### Problem statement
Among the entries below, find the line with "Балет Ж. Батуева", then quote it and each following line up to and including the line with "Scaloni confirm� la", and nothing else.

### Source material
***

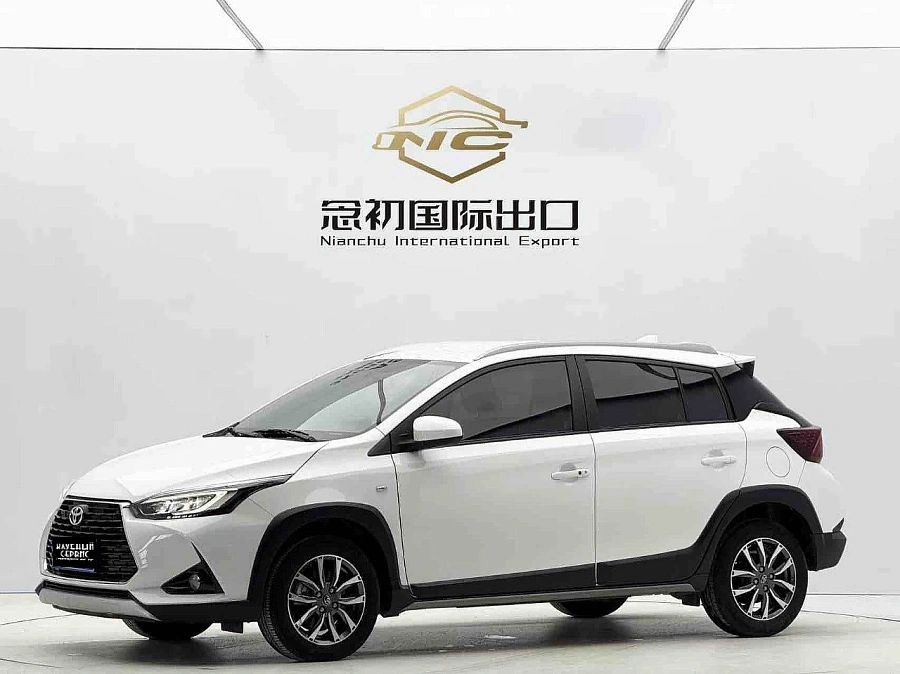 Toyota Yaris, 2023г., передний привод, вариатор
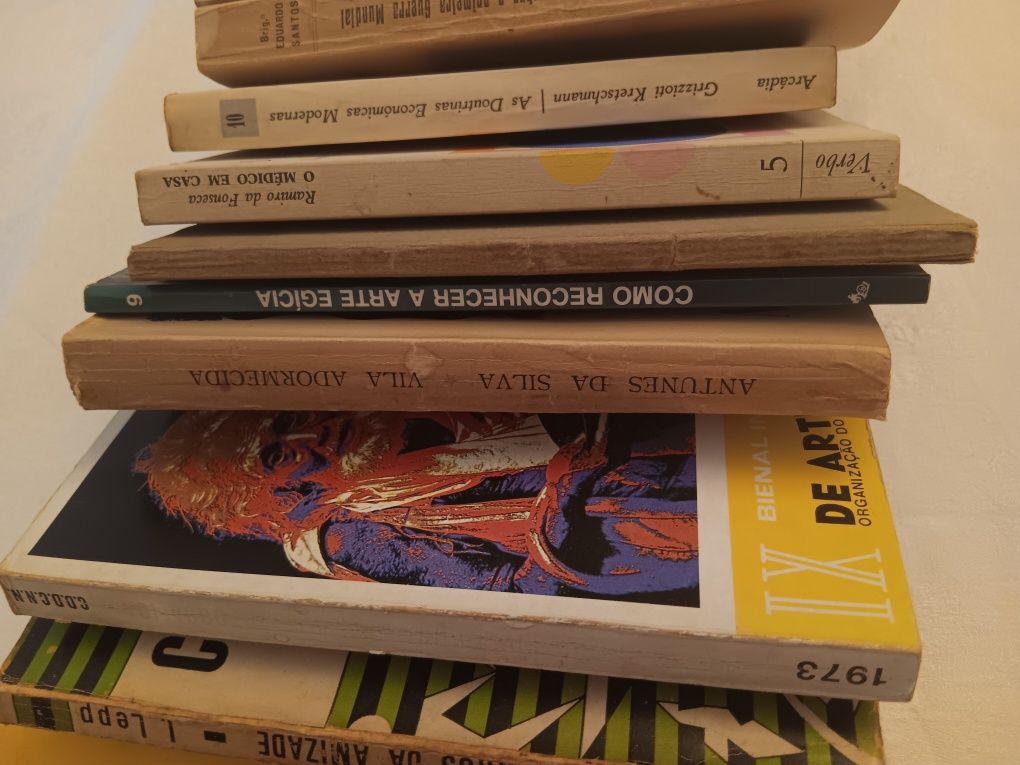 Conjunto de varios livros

***

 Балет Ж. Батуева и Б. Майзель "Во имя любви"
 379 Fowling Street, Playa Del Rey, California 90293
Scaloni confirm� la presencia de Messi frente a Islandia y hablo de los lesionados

***

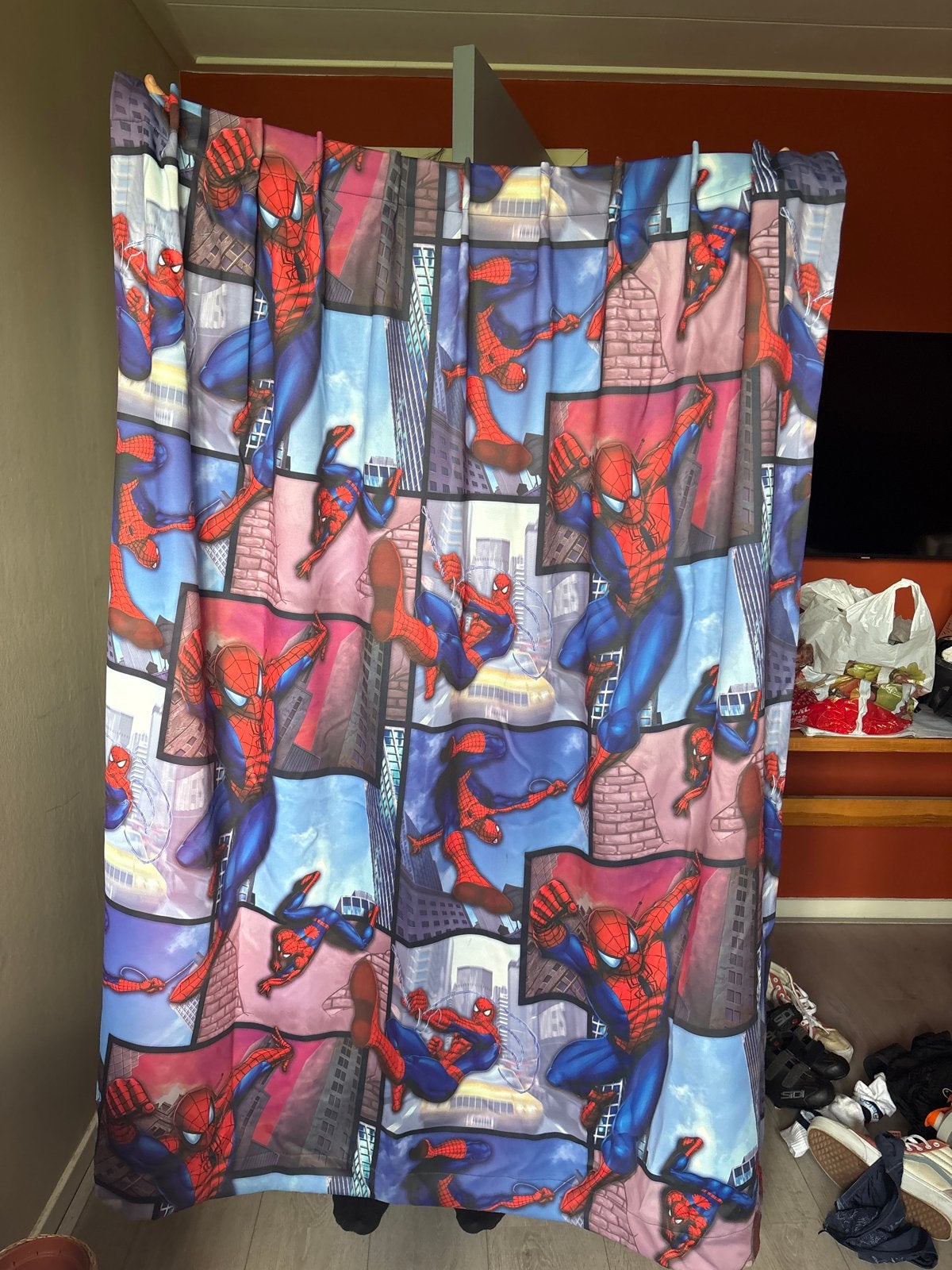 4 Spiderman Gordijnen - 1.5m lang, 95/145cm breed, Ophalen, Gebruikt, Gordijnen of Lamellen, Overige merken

***

### Result of this exercise
 Балет Ж. Батуева и Б. Майзель "Во имя любви"
 379 Fowling Street, Playa Del Rey, California 90293
Scaloni confirm� la presencia de Messi frente a Islandia y hablo de los lesionados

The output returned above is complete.